The asset management industry faced a challenging environment, particularly following market turmoil in September, with private and retail clients effectively shunning any perceived risk asset. Managing mostly private client assets, GAM experienced considerable net outflows, especially in the fourth quarter, despite the fact that its core products meaningfully outperformed their peer groups and relevant indices in 2008. Thanks to its sophisticated risk management and manager due diligence processes, GAM avoided the market’s major casualties and, significantly, maintained client liquidity, thereby positioning the firm to benefit strongly upon renewed client demand. At Artio Global, although second half client flows turned negative, total net inflows remained positive year to date, supported by the strength of its large institutional client base. Artio Global’s international equity funds continued their outstanding long-term track record and in 2008 again outperformed their relevant indices. Julius Baer still intends to IPO Artio Global when market conditions allow. Julius Baer Asset Management Europe could not escape the general industry trend and experienced net outflows.
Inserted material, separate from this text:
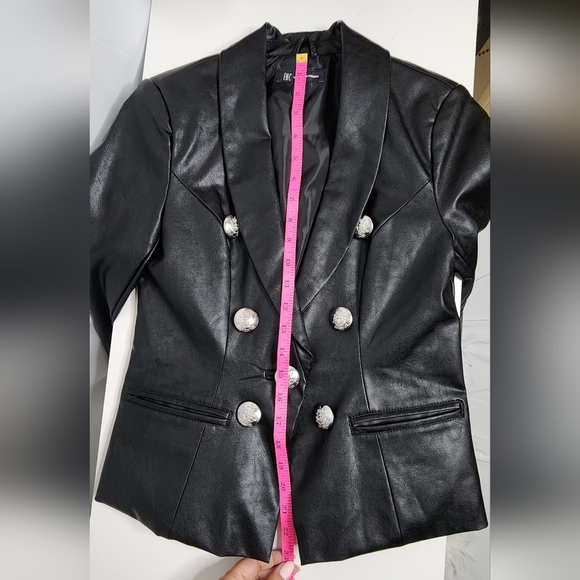 INC International Concepts Black Blazer Fitted Tailored - Picture 6 of 6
Segment operating income decreased by 24% to CHF 1,253 million year on year, mainly as a result of the lower average asset base and in the absence of meaningful performance fees. Operating expenses were 16% lower at CHF 726 million, reflecting cost reductions, lower performance-related payments as well as the positive translation effects from our largely USD and GBP denominated cost base. All in all, profit before taxes fell by 33% to CHF 527 million. The cost/income ratio increased to 57.1% from 52.2%, and the pre-tax margin was lower at 30.9 basis points after 37.5 basis points a year ago.
Unchanged dividend proposedBased on the good result and the strong capitalisation, the Board of Directors proposes to the Annual General Meeting on 8 April 2009 an unchanged dividend of CHF 0.50 per registered share. As announced earlier, Leonhard H. Fischer, Co-Chief Executive Officer and member of the Board of Directors of RHJ International as well as former Chief Executive of the Winterthur Group and member of the Executive Board of the Credit Suisse Group, will be proposed for election as a new member of the Board of Directors.
The results conference will be webcast at 9:30 am (CET). All documents (presentation, Business Review 2008, 2008 IFRS Annual Report and press release) will be available as of 7:00 am (CET) at www.juliusbaer.com.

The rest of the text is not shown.